(Short text fragments from websites)
Start of Block
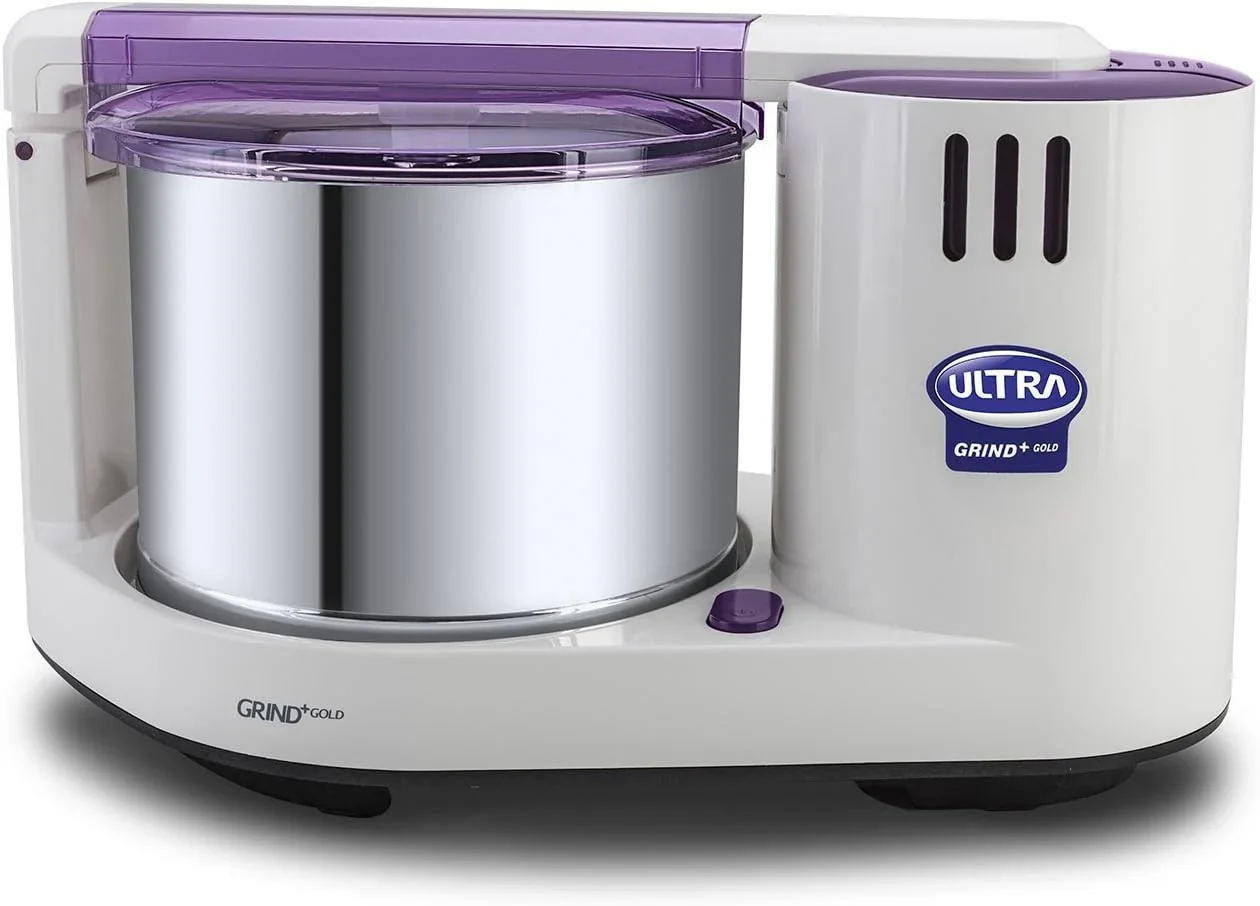 Ultra Grind+ Gold Wet Grinder 2L Atta Kneader 110V Tabletop
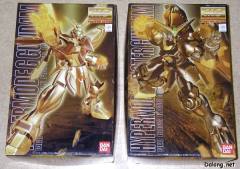 MG GF13-001NHII 尊者高达 超级模式-资料图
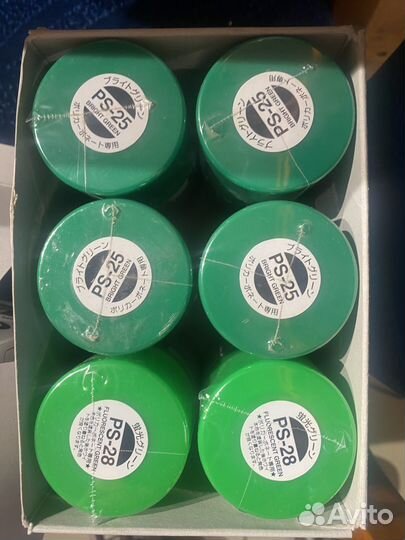 Краска Tamiya PS для кувова лексан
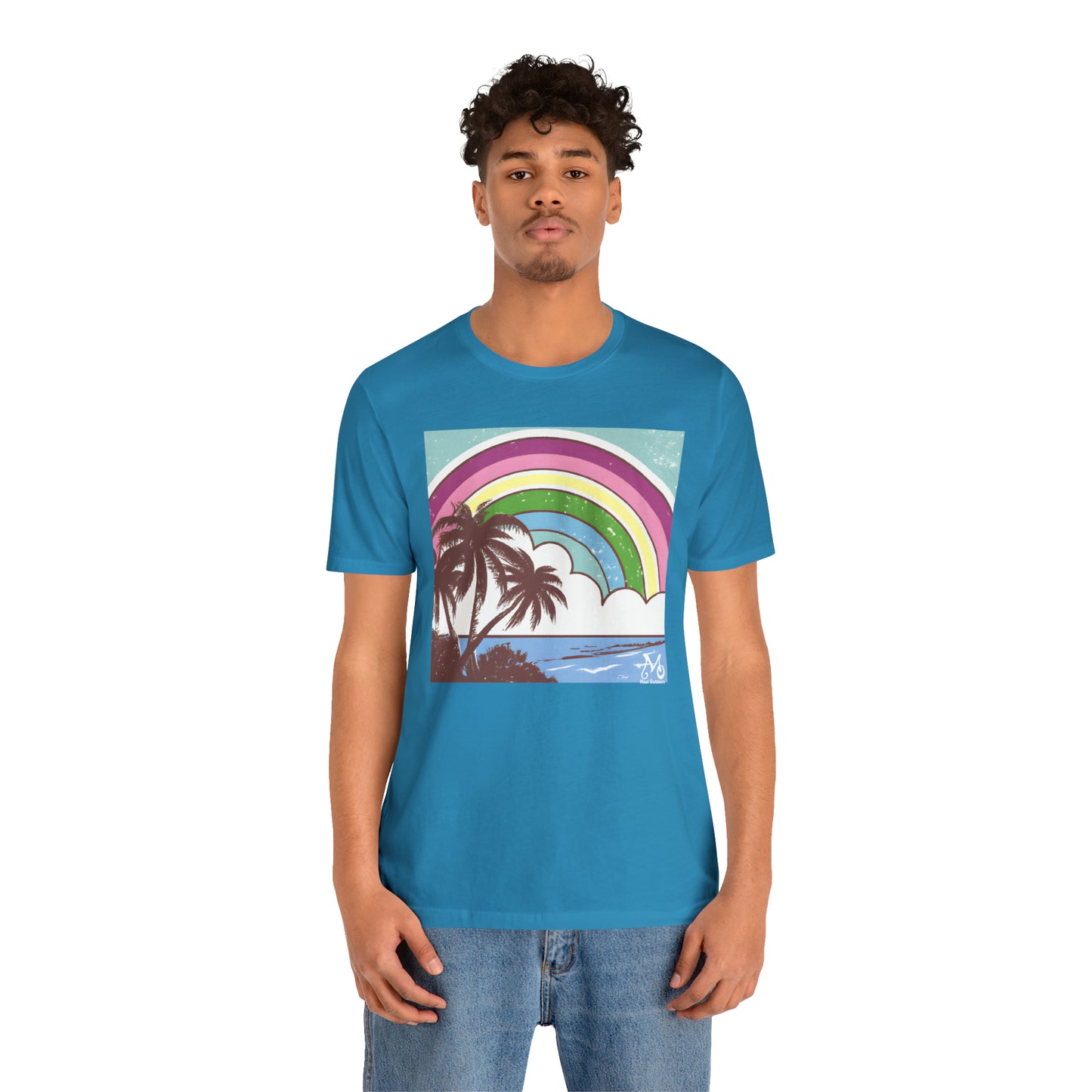 Rainbow Oasis - T-shirt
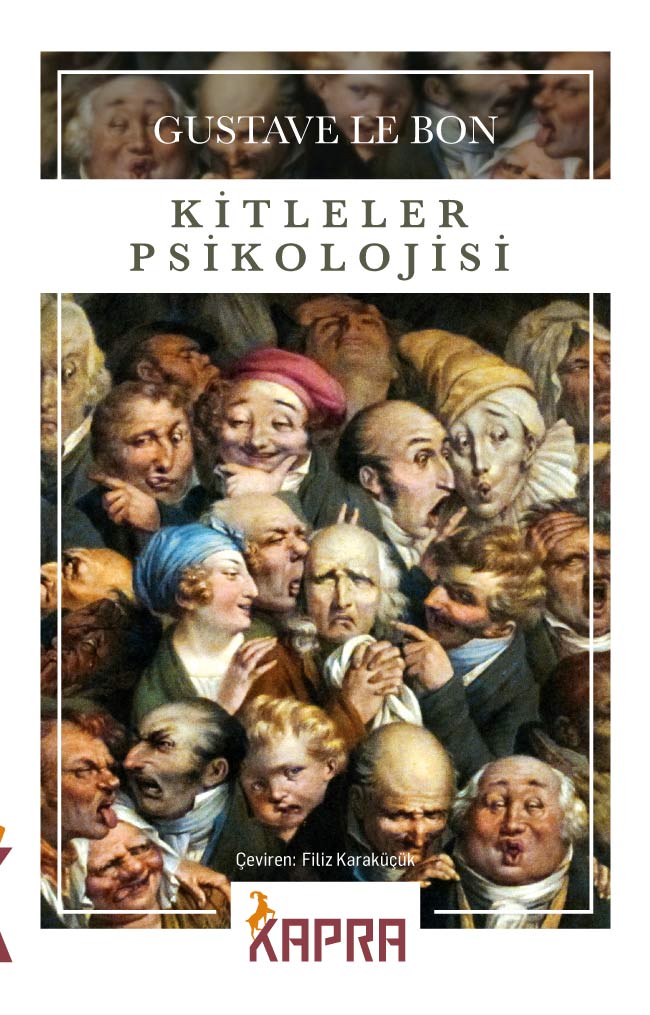 Kitleler Psikolojisi - Gustave Le Bon kitap kapağı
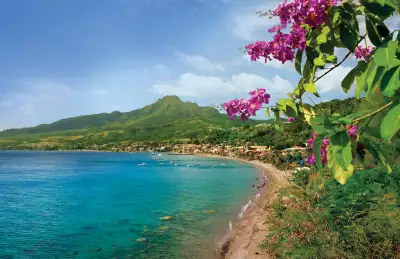 Baie de Saint-Pierre in Martinique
End of Block
The task
Set the pictures aside and repeat only the lines from the one containing "Краска Tamiya PS для кувова лексан" through the last line of the entries above, exactly as they stand.

Exercise solution
 Краска Tamiya PS для кувова лексан
 Rainbow Oasis - T-shirt
 Kitleler Psikolojisi - Gustave Le Bon kitap kapağı
 Baie de Saint-Pierre in Martinique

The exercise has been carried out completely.